Durante la guerra, Miguel Hernández emplea su poesía para luchar por la causa republicana y escribe Viento del pueblo, obra con la que se suma al Romancero de la Guerra Civil. Como el viento, la voz del poeta alienta a los soldados en las trincheras, arenga a la lucha, mantiene viva la esperanza. Son poemas que lloran la muerte de Lorca, de los hombres en el frente de batalla, que cantan al niño yuntero, al sudor de los campesinos, a la compañera, esposa y amante lejana…


En esta etapa también escribe Miguel Hernández El hombre acecha, poemario en el que la palabra es todavía símbolo de resistencia.
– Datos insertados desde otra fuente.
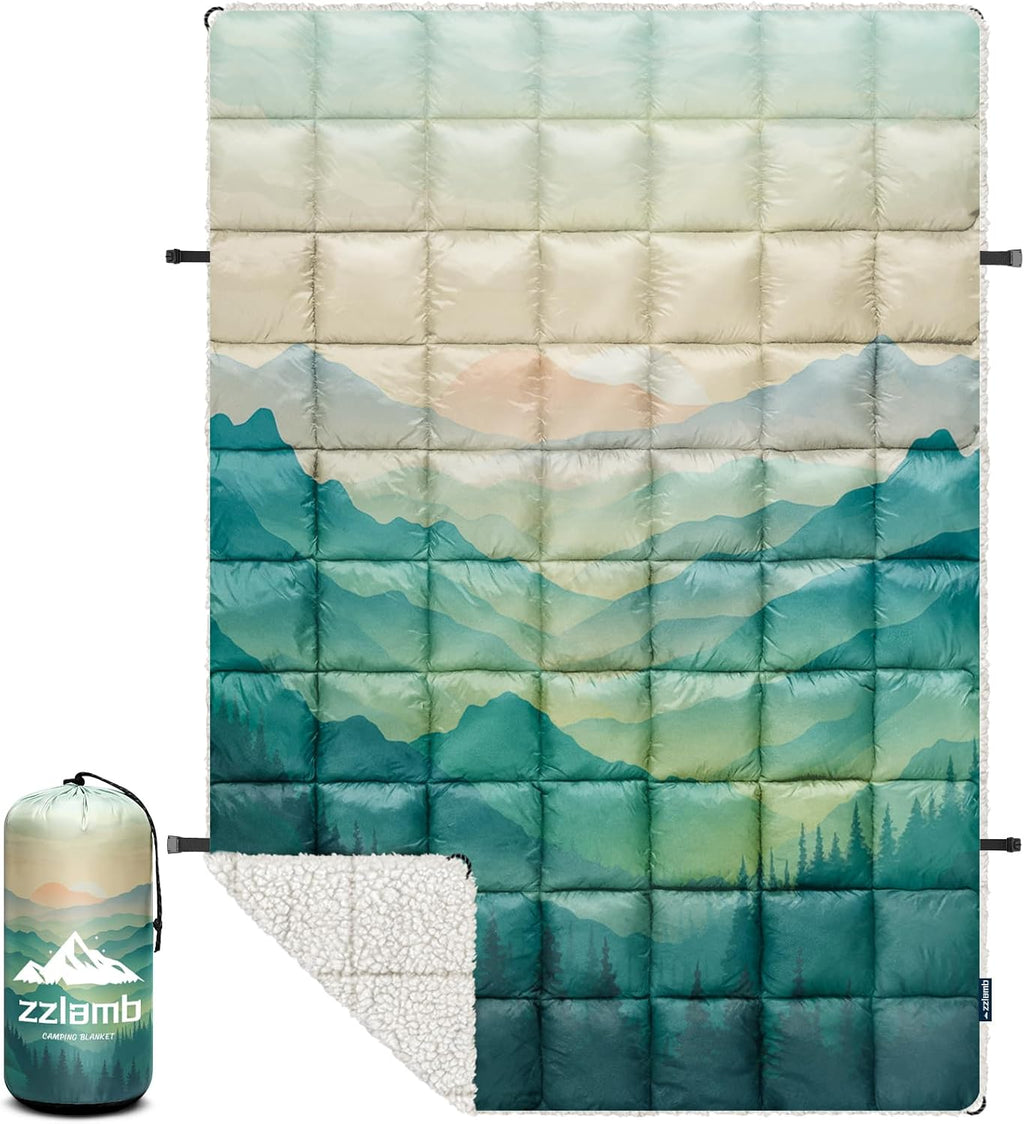 zzlamb Puffy Thick Outdoor Camping Blanket with Sherpa Lining 52x75in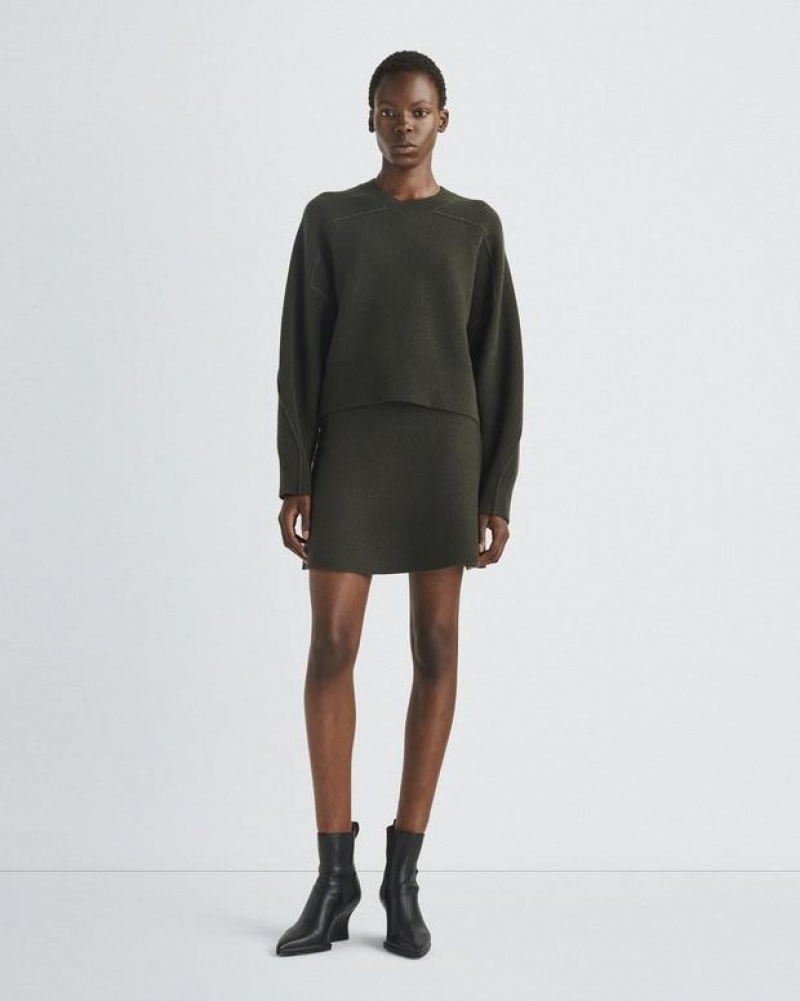 Rag & Bone Bridget Italian Wolle Mini Röcke Damen Army | 295163-GCL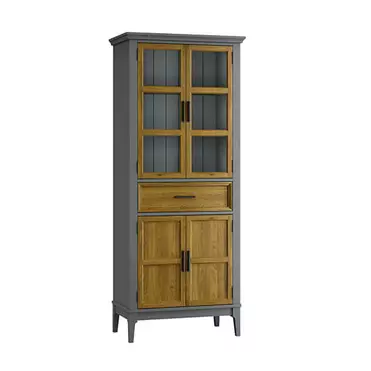 Шкаф для посуды «Квадро-С» 221-185 (серый 7042-антик 24)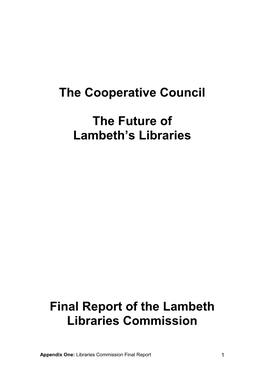 Lambeth Libraries Commission Cabinet Member for Culture, Sport and 2012 Games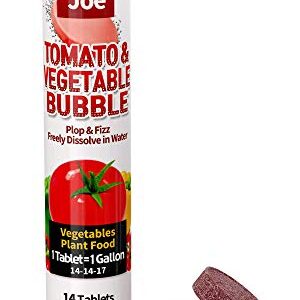 Dr. Joe Tomato & Vegetable Bubble Plant Food - Water Soluble Fertilizer (14 Fizzing Tablets, Makes 14 Gallons, 14-14-17)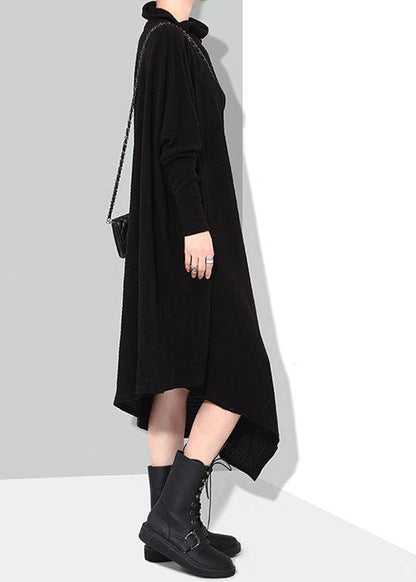 Black Woman Winter Asymmetric Knitted Sweater Dress
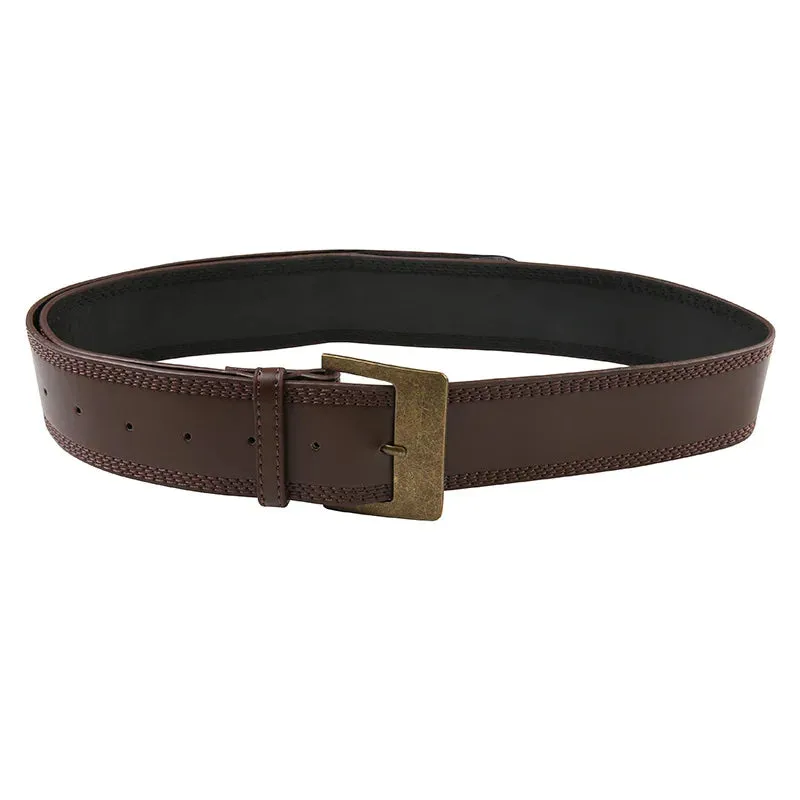 Women's Vintage Brown Leather Solid Pattern Buckle Belt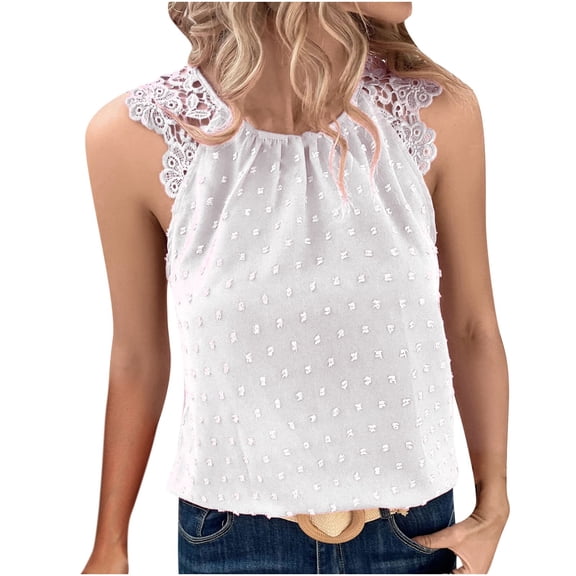 WREESH Womens Fashion Lace Halter Tank Tops For Summer Round Neck Sleeveless Tops Casual Solid Color Loose Blouse Pullover White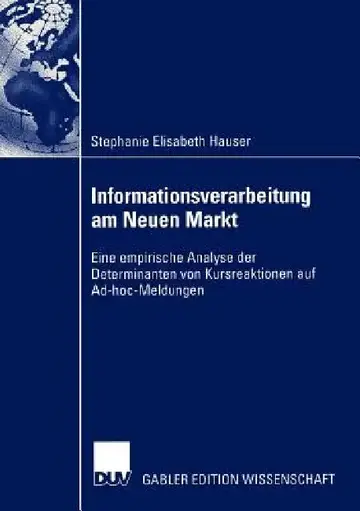 Cover of Informationsverarbeitung Am Neuen Markt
Pero la muerte del primer hijo y la derrota de la guerra sumen al poeta en la desolación.


Será Sánchez Vidal quien trate de ordenar esta poesía, diferenciando para ello tres actitudes adoptadas por el escritor:


La puramente militante, directa, con una poesía de carácter puramente oral, compuesta para ser recitada en el frente.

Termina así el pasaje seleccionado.